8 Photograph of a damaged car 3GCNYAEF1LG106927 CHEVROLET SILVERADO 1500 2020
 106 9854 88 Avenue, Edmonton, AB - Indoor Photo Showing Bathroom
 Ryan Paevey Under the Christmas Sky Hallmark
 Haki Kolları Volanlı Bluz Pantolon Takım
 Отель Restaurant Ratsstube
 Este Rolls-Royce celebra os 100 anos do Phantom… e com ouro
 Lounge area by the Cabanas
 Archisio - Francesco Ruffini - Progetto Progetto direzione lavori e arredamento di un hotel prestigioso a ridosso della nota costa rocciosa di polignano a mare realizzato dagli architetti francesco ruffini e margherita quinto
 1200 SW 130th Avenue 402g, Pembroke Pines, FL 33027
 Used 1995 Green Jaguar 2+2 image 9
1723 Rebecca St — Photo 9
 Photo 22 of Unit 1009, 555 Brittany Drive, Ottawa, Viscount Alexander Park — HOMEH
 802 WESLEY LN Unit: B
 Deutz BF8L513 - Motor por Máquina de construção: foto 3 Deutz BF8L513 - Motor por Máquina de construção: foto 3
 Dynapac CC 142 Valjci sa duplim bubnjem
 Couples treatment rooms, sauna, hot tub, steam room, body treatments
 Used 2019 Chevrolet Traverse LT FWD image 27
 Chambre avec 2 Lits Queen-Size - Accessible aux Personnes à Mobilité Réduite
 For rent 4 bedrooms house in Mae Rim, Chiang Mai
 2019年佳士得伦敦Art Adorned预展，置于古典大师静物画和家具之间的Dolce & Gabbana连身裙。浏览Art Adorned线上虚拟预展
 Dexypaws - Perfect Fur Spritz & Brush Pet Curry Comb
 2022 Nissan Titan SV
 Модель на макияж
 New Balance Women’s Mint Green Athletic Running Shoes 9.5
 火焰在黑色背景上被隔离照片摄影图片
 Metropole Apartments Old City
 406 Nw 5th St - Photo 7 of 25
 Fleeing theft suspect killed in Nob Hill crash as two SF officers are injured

Required work:
Tally the lines in the entries above that hold the string "Unit" and state the tally alone.

Written answer:
2